After researching local crime statistics, the city deployed more than one hundred cameras and sensors in areas known to be hotbeds for criminal activity. A growing number of cameras and sensors are being deployed over a citywide wireless network designed and deployed by Avrio RMS Group. Evidence-grade video is transmitted to Police headquarters where video analytics help system operators manage all the data. The system operators, who include retired police officers and college students interested in a career in law enforcement, monitor the video 24/7. Police also use mobile data terminals to enhance situational awareness in the field.
The camera system was originally designed for a single server running Genetec Omnicast video management software. But the single physical server configuration could only handle 75 cameras and didn’t offer an easy expansion path. According to McCormack, “We needed to find a solution that could easily and dynamically grow over time so that more cameras could be added as we needed them and video retention times could increase to meet city needs.”
High availability was also a key requirement to Avrio RMS as the city required a solution that would provide a high level of reliability so that component failures or server failures wouldn’t interrupt the capture of video or the access of recorded video.
“We had heard about Pivot3 storage with embedded virtual servers from other municipalities and we were intrigued to see if applying virtualization to this environment would provide the city with the high availability and simple expansion that it needed but also staying within budget,” said Paul Zucker, CTO, Avrio RMS. “Pivot3 Cloudbanks were the only solution that met all of these needs.”
Pivot3 developed video surveillance storage where virtual servers are included with high-availability shared storage. This approach eliminates the need for separate physical servers, which reduces acquisition costs and operating costs by up to 40 percent.

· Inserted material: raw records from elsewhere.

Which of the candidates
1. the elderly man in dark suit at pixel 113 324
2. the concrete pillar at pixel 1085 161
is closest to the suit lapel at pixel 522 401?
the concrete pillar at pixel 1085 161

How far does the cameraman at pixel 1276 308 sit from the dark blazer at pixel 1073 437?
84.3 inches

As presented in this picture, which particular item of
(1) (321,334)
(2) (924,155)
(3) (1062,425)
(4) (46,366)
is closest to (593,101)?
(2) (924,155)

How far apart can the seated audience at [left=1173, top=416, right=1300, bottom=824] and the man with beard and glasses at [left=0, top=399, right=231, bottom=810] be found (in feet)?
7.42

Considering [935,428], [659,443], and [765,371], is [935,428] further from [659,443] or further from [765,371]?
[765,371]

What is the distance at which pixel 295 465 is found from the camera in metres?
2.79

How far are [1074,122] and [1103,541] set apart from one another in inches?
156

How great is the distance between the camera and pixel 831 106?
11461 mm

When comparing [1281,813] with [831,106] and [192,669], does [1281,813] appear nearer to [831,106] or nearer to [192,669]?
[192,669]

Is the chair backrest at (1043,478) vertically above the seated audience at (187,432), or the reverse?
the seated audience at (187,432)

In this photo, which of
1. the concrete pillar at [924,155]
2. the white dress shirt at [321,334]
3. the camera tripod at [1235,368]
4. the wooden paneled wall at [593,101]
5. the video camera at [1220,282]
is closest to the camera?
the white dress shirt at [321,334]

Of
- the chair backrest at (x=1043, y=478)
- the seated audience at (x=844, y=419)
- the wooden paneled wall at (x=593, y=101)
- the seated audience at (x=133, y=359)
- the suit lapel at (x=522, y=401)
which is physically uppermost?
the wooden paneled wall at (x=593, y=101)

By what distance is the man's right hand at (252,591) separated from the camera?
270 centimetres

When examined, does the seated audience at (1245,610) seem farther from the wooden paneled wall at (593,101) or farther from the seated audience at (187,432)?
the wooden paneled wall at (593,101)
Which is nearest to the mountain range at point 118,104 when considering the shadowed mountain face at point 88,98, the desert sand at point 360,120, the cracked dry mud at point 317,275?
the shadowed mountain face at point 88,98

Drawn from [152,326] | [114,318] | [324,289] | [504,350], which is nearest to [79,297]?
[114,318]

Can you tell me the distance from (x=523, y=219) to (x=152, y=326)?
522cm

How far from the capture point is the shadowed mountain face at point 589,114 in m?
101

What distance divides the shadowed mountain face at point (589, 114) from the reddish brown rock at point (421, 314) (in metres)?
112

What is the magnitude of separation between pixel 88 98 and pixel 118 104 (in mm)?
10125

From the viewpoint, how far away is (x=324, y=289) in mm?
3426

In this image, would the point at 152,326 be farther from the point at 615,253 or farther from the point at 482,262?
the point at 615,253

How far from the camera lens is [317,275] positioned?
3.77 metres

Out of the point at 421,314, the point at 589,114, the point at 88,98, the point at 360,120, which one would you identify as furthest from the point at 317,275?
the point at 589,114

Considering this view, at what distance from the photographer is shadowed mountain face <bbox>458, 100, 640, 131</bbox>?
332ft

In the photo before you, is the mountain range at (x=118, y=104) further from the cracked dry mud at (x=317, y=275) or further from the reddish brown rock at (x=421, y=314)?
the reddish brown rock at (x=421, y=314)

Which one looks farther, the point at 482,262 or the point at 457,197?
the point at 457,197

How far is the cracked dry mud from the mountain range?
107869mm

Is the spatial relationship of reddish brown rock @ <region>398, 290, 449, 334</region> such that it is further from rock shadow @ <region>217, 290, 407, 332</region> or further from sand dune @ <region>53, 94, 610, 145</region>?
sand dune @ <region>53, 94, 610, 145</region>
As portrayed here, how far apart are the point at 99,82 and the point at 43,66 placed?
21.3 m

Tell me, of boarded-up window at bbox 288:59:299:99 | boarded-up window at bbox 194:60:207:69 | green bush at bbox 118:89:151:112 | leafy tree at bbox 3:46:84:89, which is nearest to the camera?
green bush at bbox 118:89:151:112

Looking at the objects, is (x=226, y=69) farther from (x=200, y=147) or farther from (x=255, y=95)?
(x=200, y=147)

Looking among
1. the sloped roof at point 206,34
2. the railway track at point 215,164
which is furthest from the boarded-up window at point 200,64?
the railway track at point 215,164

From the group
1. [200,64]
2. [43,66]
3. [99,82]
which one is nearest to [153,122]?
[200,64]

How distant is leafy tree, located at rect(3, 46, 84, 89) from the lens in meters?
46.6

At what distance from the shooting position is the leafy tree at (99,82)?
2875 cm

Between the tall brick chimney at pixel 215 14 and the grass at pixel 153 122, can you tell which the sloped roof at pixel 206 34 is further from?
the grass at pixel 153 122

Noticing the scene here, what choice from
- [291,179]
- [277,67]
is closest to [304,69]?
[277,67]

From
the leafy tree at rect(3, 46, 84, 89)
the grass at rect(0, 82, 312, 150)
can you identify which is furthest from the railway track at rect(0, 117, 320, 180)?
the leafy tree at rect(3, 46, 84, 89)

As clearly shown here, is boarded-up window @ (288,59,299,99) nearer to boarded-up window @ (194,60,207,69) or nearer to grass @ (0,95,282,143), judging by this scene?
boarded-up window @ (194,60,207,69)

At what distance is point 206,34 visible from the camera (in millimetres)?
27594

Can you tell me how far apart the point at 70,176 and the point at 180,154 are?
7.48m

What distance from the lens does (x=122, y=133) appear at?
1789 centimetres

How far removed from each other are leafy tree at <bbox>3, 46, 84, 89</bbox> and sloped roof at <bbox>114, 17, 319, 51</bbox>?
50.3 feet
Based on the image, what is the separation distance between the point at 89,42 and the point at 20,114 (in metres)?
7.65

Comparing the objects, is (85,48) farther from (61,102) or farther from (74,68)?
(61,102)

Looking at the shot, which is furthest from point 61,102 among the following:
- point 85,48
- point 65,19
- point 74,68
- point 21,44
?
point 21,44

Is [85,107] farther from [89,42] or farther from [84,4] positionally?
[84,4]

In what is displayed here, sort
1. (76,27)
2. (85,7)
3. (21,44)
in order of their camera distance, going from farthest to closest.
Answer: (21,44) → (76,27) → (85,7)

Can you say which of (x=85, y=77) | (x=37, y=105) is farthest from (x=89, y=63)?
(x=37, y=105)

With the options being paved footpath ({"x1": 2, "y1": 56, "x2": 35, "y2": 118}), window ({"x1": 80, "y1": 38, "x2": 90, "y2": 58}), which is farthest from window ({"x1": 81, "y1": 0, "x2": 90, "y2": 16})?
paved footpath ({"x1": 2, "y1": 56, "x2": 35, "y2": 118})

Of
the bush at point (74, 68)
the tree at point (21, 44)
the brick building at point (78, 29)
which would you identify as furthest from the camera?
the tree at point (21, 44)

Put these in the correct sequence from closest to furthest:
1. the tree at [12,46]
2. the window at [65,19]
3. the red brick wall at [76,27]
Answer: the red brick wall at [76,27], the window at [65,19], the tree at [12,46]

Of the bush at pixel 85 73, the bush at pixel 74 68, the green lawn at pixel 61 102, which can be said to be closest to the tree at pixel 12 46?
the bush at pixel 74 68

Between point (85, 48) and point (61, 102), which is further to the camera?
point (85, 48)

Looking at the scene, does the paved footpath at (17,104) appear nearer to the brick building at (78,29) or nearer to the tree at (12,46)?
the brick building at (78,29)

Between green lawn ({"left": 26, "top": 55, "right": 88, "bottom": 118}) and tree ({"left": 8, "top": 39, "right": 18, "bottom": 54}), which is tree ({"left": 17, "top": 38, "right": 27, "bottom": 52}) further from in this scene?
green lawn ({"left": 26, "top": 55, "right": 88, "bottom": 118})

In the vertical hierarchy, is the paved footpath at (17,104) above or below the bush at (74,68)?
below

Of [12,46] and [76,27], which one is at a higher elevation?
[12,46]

A simple appliance approach also lets customers dynamically expand over time without affecting existing infrastructure, maintaining investment protection. Since storage alone can account for 50 percent of the cost of a surveillance system, Pivot3 addresses a major cost driver, which is essential for municipalities like the City of Rochester that want to maximize their budget dollars.

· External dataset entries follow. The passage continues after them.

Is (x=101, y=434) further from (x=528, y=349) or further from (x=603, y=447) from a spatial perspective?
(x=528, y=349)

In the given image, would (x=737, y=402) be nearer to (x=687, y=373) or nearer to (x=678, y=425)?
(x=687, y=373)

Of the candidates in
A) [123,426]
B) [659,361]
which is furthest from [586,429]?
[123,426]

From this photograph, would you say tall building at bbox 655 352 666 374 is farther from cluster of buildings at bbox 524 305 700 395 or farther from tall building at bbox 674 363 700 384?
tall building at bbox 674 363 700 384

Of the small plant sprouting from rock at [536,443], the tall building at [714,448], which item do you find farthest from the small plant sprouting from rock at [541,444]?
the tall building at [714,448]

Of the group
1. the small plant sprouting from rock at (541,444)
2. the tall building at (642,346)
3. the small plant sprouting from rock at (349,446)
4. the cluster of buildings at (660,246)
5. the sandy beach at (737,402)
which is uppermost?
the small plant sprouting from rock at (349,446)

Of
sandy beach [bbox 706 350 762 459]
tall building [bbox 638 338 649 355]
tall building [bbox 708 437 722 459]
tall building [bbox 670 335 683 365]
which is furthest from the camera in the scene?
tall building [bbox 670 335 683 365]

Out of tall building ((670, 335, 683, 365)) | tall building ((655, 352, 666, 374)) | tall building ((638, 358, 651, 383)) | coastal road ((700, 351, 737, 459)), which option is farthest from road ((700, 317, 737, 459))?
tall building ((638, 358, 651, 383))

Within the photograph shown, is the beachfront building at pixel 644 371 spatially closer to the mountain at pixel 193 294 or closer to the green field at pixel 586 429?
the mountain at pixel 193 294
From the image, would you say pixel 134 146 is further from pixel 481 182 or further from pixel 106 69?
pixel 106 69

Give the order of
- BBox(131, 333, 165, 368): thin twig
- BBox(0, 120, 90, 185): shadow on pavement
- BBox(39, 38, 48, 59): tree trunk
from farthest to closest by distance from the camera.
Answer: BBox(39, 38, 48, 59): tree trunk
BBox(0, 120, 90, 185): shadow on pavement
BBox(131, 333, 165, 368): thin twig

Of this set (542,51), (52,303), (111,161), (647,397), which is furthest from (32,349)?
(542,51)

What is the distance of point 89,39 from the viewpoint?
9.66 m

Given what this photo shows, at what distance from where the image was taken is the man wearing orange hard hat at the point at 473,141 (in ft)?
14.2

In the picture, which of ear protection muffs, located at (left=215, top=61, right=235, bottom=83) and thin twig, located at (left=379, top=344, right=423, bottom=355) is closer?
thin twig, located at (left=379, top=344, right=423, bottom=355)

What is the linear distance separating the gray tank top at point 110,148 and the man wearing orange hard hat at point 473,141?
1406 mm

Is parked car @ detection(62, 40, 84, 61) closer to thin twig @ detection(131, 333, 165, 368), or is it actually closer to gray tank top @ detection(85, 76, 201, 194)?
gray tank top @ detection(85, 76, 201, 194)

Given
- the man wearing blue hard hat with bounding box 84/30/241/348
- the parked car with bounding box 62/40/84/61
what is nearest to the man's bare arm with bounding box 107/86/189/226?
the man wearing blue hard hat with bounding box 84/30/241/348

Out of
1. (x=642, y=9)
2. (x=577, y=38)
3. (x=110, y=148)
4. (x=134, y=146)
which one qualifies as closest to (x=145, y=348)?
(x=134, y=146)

“The mayor plans to increase the number of cameras in the city,” McCormack said. “We knew the success of the first phase would lead to deployment of more cameras so we chose a storage solution that would be easily and economically expanded over time. Pivot3 was the only option for us as the technology met our current and future needs.”
Police policy requires evidentiary video to be available for 30 days. To meet these requirements, the city now has six Pivot3 CloudBank appliances, which offer 12 TB of storage and an embedded virtual server for a total capacity of 72 TB. The robust virtual server even runs SensorScene™, the software suite used by the Rochester Police to integrate their video with disparate security sensors and systems.
“Pivot3 storage with virtual servers delivered everything that was promised,” McCormack said. “It’s exciting to see how virtualization technology made our solution affordable.”
Since the city embarked on this aggressive campaign to reduce illegal activities, it has experienced more than an 80 percent reduction in crime in areas where cameras have been installed. McCormack said local businesses have seen an uptick in revenues as customers are returning to areas that were previously inaccessible due to criminal activity. McCormack said residents have also thanked the police for making the area more secure and more accessible.
“This is a huge success story,” McCormack said. “Because of our aggressive initiatives with our public surveillance program, residents feel safer and businesses are rebounding. The city of Rochester is benefiting significantly from this project and we plan to leverage technology from innovative providers such as Pivot3, Genetec and Avrio RMS to make sure the reduction in crime continues.”